監督のリラ・アビレスは家族や人間関係に焦点を当て、幼少期の感情や環境の影響を描きたいと説明。女性たちの家族愛や力強さが描かれる。

監督は自らの経験から、女性がキャリアを築く難しさや映画制作で自由を得る喜びを語る。ジェンダーに関係なく評価されることの重要性を強調。
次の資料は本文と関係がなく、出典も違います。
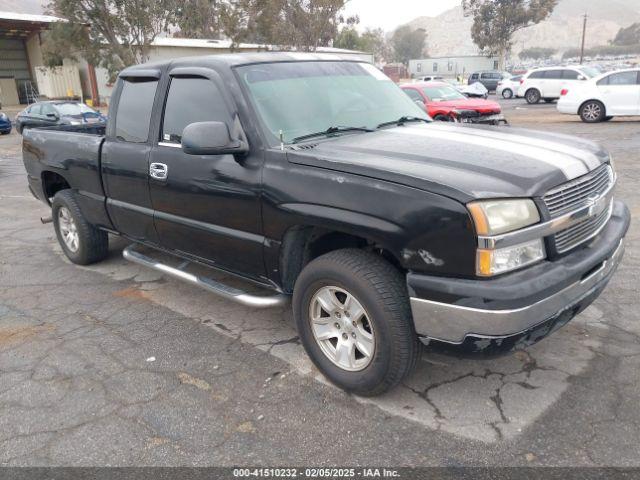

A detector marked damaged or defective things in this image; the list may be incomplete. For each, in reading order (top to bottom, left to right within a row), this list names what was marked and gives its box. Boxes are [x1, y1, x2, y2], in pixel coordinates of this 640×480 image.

cracked pavement [0, 100, 636, 464]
メキシコの新たな才能、リラ・アビレス監督「私は映画監督になり、初めてジェンダーに関係なく作品で評価されるようになった」

 7歳の少女・ソル(ナイマ・センティエス)は父の実家にやってきた。病気で療養中の父の誕生日パーティーが開かれるのだ。大人たちが慌ただしく準備をするなか、ソルはなかなか父に会わせてもらえない。そしてソルは一人スマホに話しかける──。世界各国の映画祭で30以上の賞を受賞した「夏の終わりに願うこと」は、少女が“別れ”を知るまでの物語。脚本も手がけたリラ・アビレス監督に本作の見どころを聞いた。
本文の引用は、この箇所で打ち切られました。